*Work item*
Using the listing below, please print exactly the lines from the one with "Enlarge GRADY, a" through the one with "X0000115640084200912081113". Leave out every picture.

*Input*
[Start of section]

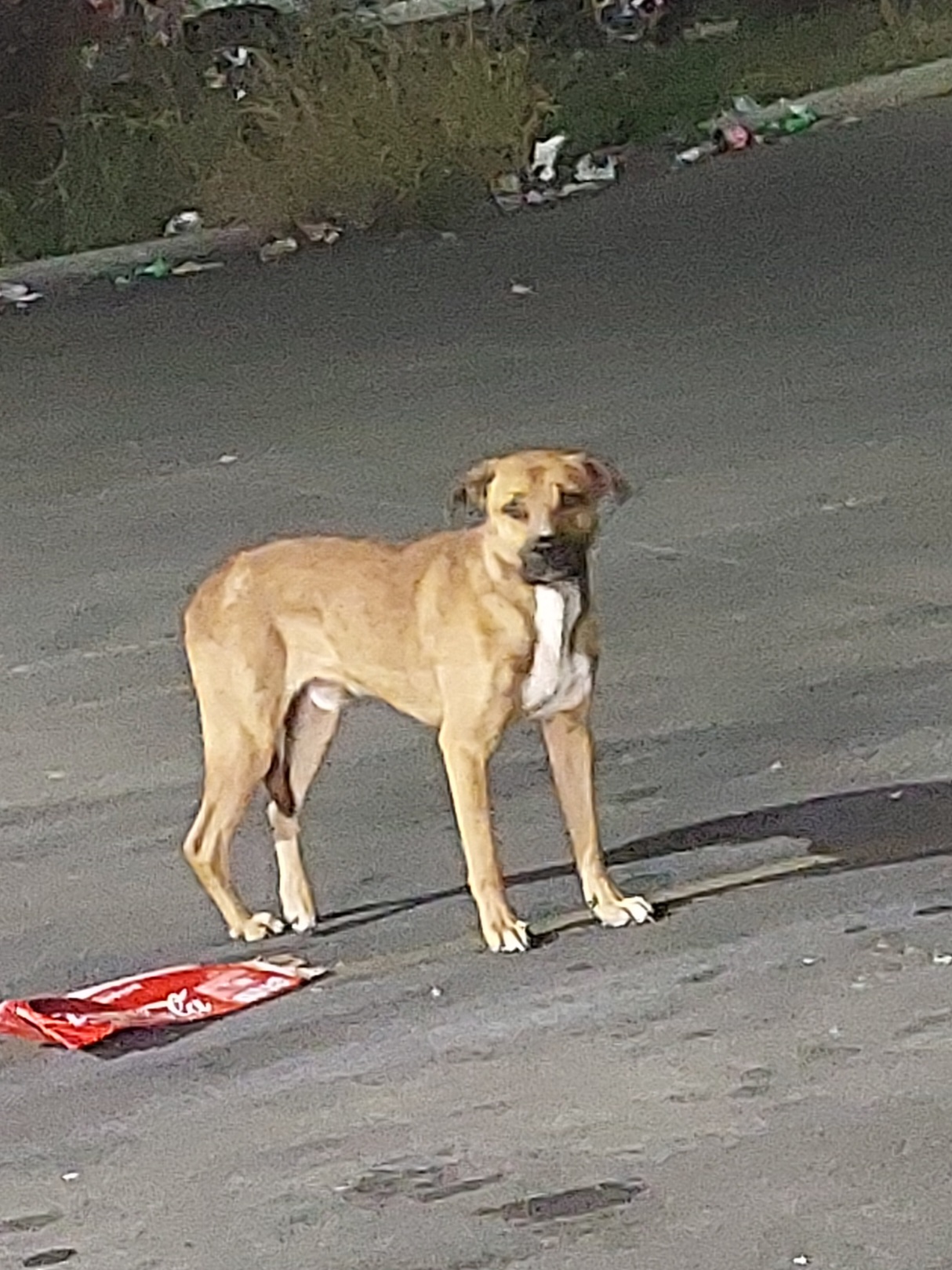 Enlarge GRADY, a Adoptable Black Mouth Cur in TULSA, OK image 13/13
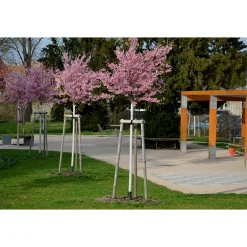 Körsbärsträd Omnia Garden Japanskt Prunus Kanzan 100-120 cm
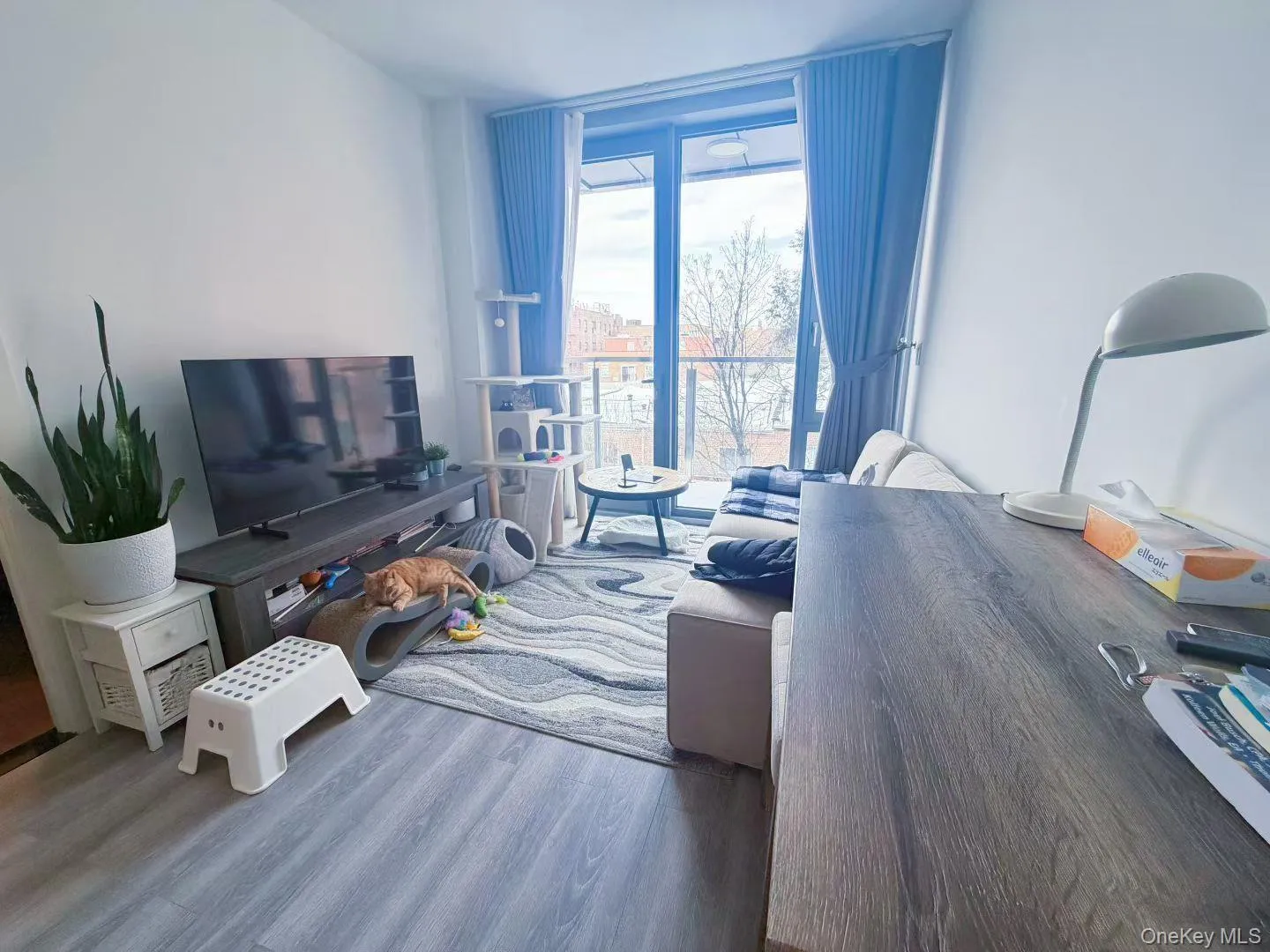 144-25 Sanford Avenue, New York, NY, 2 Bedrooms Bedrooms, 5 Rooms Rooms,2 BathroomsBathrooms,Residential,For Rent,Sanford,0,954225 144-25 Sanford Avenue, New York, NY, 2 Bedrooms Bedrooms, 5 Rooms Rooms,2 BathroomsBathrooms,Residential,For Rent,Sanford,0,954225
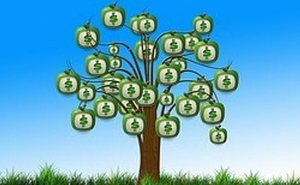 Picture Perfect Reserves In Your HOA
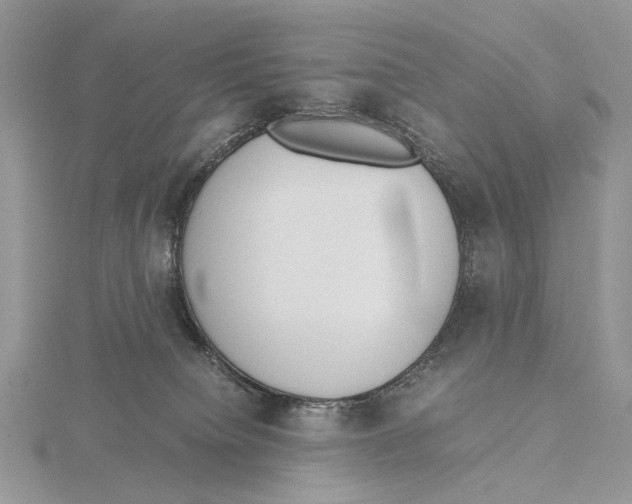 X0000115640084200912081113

[End of section]
[Start of section]

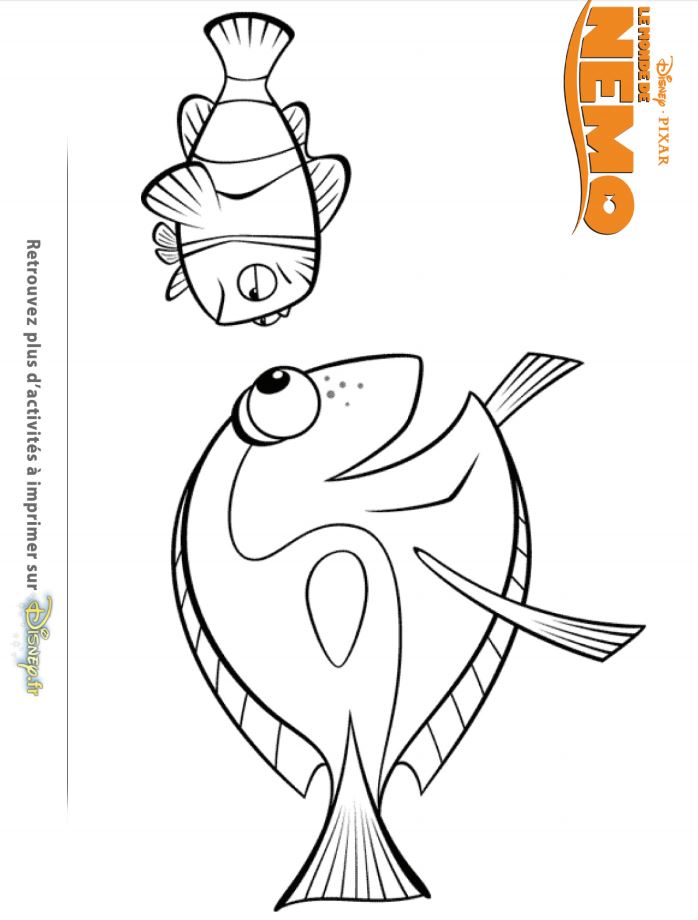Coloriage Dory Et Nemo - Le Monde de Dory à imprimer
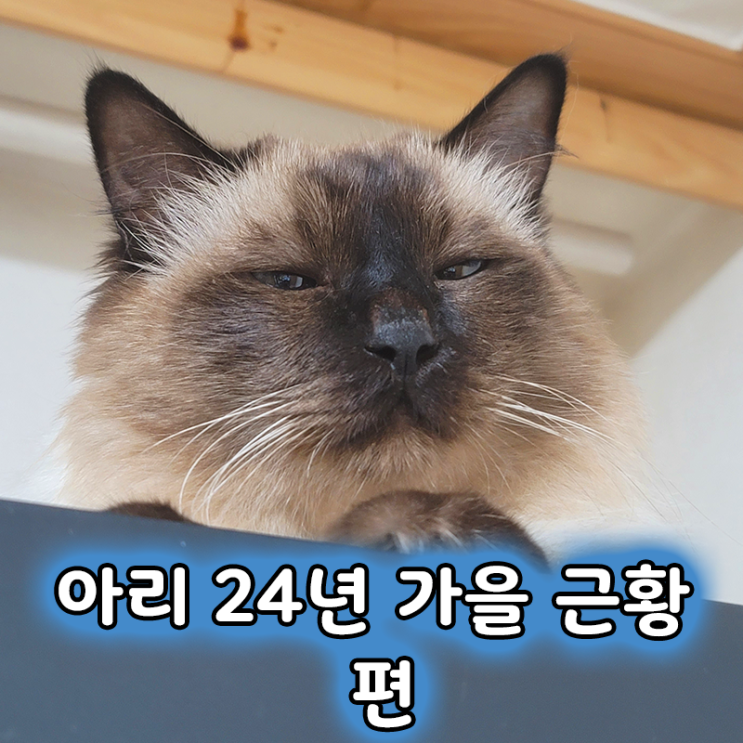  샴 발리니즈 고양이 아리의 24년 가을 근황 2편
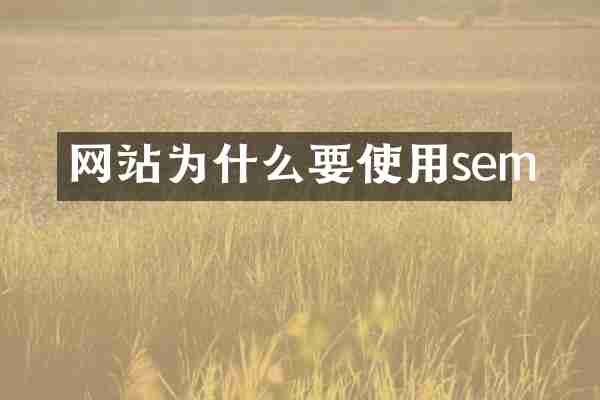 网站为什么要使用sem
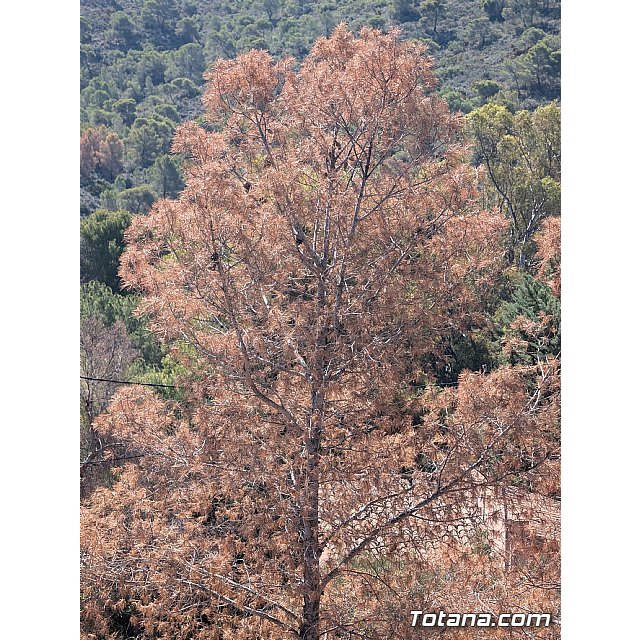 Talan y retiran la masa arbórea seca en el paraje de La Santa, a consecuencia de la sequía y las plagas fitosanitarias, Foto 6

[End of section]
[Start of section]

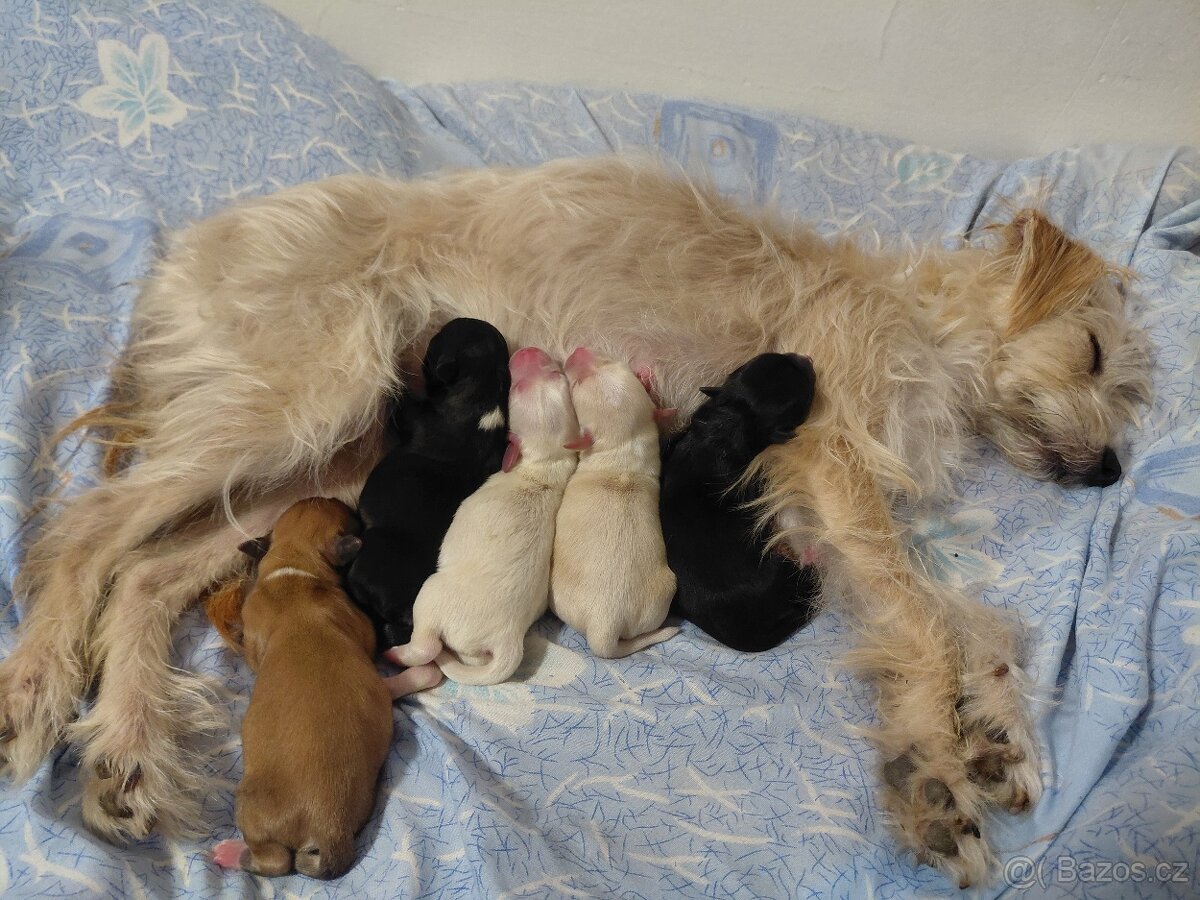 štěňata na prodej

[End of section]

*Result*
 Enlarge GRADY, a Adoptable Black Mouth Cur in TULSA, OK image 13/13
 Körsbärsträd Omnia Garden Japanskt Prunus Kanzan 100-120 cm
 144-25 Sanford Avenue, New York, NY, 2 Bedrooms Bedrooms, 5 Rooms Rooms,2 BathroomsBathrooms,Residential,For Rent,Sanford,0,954225 144-25 Sanford Avenue, New York, NY, 2 Bedrooms Bedrooms, 5 Rooms Rooms,2 BathroomsBathrooms,Residential,For Rent,Sanford,0,954225
 Picture Perfect Reserves In Your HOA
 X0000115640084200912081113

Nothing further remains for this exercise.